However, in these embodiments, electricity transfer device 104 may
limit electricity transfer to one rechargeable energy storage
system at a time due to electric power capacity of electricity
transfer device 104 and/or of the power grid coupled to electricity
transfer device 104. As a result, as will be described in further
detail below, control system 100 can be configured to operate in
different modes (e.g., an executive mode and/or a subordinate
mode), for example, depending on whether control system 100 is
operating electricity transfer device 104 in the capacity of a
primary control system or a secondary control system. In some
embodiments, control system 100 can have more than two modes.
[0039] Remote computer system 106 can be similar or identical to
computer system 1200 (FIG. 12), as described below. As mentioned
previously, remote computer system 106 can be configured to operate
a device network comprising electricity transfer device 104 and the
other electricity transfer device(s). Accordingly, as is detailed
with respect to exemplary computer system 1200 (FIG. 12), remote
computer system 106 can frequently be implemented as multiple
computer systems operating in the capacity of a server to support
the device network. In various embodiments, remote computer system
106 can be located remotely from electricity transfer device 104
and mobile electronic device 102. For example, remote computer
system 106 may be located at one or more facilities operated by a
managing entity of the device network.
[0040] The device network can be configured such that user(s) of
the device network each can establish and maintain a user account
with which he is associated. In many embodiments, by establishing a
user account, the user(s) may each be granted access to use
electricity transfer device 104 and the other electricity transfer
device(s), such as, for charging his electric vehicle. The user
account may comprise information pertaining to each individual user
(e.g., personal information, charge preferences, etc.) and/or his
electric vehicle (e.g., make/model/year, rechargeable energy
storage system data, etc.) may account for his usage of any
electricity transfer device(s) of the device network (e.g., for
billing or other purposes), may provide data on usage patterns to
the managing entity, etc.

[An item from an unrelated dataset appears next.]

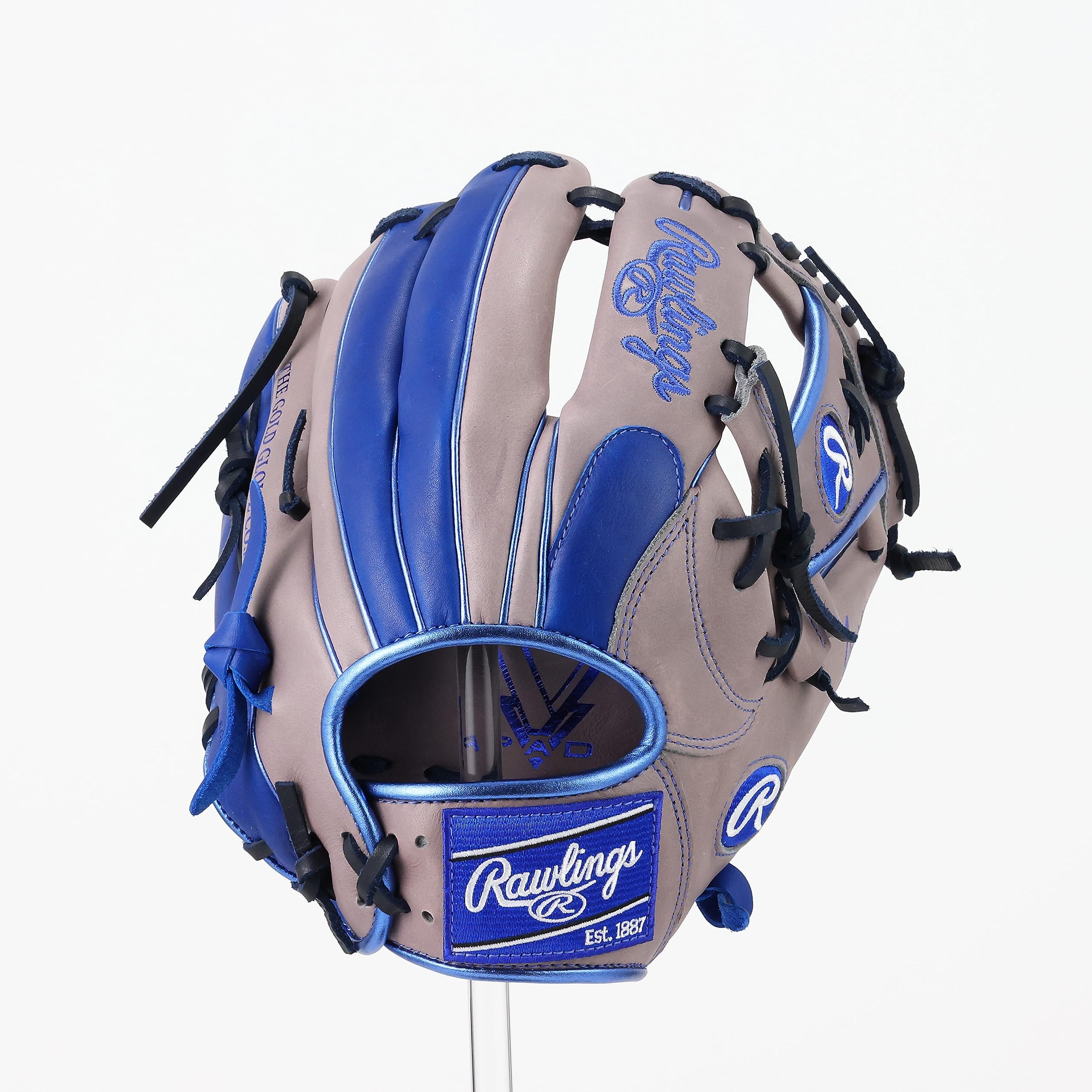 ローリングス 軟式内野手用グローブ　ネイビー　グレー　ハイパーテック　大人　限定 ローリングス 軟式内野手用グローブ ネイビー グレー ハイパーテック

Accordingly, such user accounts can
facilitate management and operation of the device network for the
managing entity and the user(s). While in many embodiments, control
system 100 can be provided by the managing entity of the device
network, it is also possible that control system 100 could be
provided by a third-party entity.
[0041] Referring now to FIG. 1, control system 100 comprises
communication module 103, control system interface 109, and
operation module 105. Communication module 103 comprises
authentication module 107. Meanwhile, communication module 103 can
also comprise detection module 108.
[0042] Communication module 103 can be configured to provide
wireless communication between control system 100 and either or
both of electricity transfer device 104 or remote computer system
106. Communication module 103 can be configured to implement a
wireless network adapter (e.g., network adapter 1320 (FIG. 13)) of
mobile electronic device computer system 101 to provide wireless
communication of control system 100, according to any suitable
wireless networking protocol. Exemplary wireless networking
protocols can comprise wireless personal area network communication
(e.g., Bluetooth, Zigbee, Wireless Universal Serial Bus (USB),
Z-Wave, etc.), wireless local area network communication (e.g.,
Institute of Electrical and Electronic Engineers (IEEE) 802.11),
wireless wide area network communication (e.g., IEEE 802.11),
and/or wireless cellular network communication (e.g., Global System
for Mobile Communications (GSM), General Packet Radio Service
(GPRS), Code Division Multiple Access (CDMA), Evolution-Data
Optimized (EV-DO), Enhanced Data Rates for GSM Evolution (EDGE),
3GSM, Digital Enhanced Cordless Telecommunications (DECT), Digital
AMPS (IS-136/Time Division Multiple Access (TDMA)), Integrated
Digital Enhanced Network (iDEN), etc.). In other embodiments,
communication module 103 can implement any radio transceiver and/or
infrared transceiver of mobile electronic device 102 and/or mobile
electronic device computer system 101 to provide wireless
communication for control system 100. In many embodiments,
communication module 103 can be configured to switch seamlessly
between one wireless networking protocol to another depending on
the distance of control system 100 to electricity transfer 104.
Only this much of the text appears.